At its annual GPU Technology Conference, Nvidia unveiled its latest DGX system, the DGX A100.
Updated to include the latest A100 GPU and NVSwitch interconnection tech, the system will cost $199,000. A similar HGX A100 will target cloud providers, while a lower-powered EGX A100 is for Edge use cases.
A beast in a box
The DGX A100 packs 8 eponymous GPUs, with 6 NVSwitches, 15TB of Gen 4 NVME SSD, 9 Mellanox ConnectX-6 VPI 200 Gbps Network interfaces, and a dual 64-core AMD Rome CPU with 1TB of RAM.

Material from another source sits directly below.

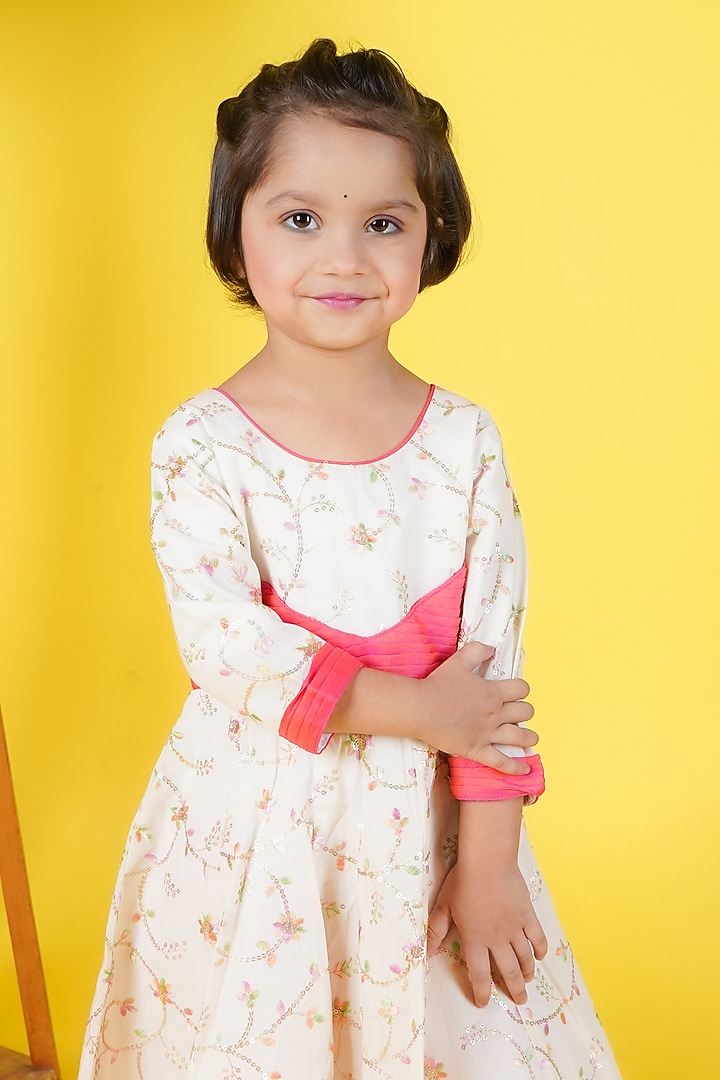 Cream Cotton Kurta Set For Girls by Fashion Totz at Pernia's Pop Up Shop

This all adds up to five petaflops of FP16 performance, or 2.5 petaflops TF32, and 156 teraflops FP64. With INT8, you're looking at 10 petaops.
Early purchasers of the DGX include the US Department of Energy’s Argonne National Laboratory (which will use it in the fight against Covid-19), the University of Florida, and the German Research Center for Artificial Intelligence.
The hyperscale variant with four GPUs, HGX A100, will be used by Alibaba, AWS, Baidu, Google Cloud, Microsoft Azure, Oracle, and Tencent.
For those in need of a lot of compute power, Nvidia is bundling 140 DGX A100s together as a 'DGX SuperPOD,' capable of 700 petaflops of AI performance. Nvidia will expand its own internal Saturn V supercomputer, with four SuperPODs, adding 2.8 exaflops of AI computing power, for a total of 4.6 exaflops. Note: 'AI computing power' is a more generous benchmark than those used to traditionally judge whether a supercomputer is exascale.
On the other end of the spectrum is the EGX A100, for the Edge. It has just one A100, and includes an Nvidia Mellanox ConnectX-6 SmartNIC for fast networking capabilities.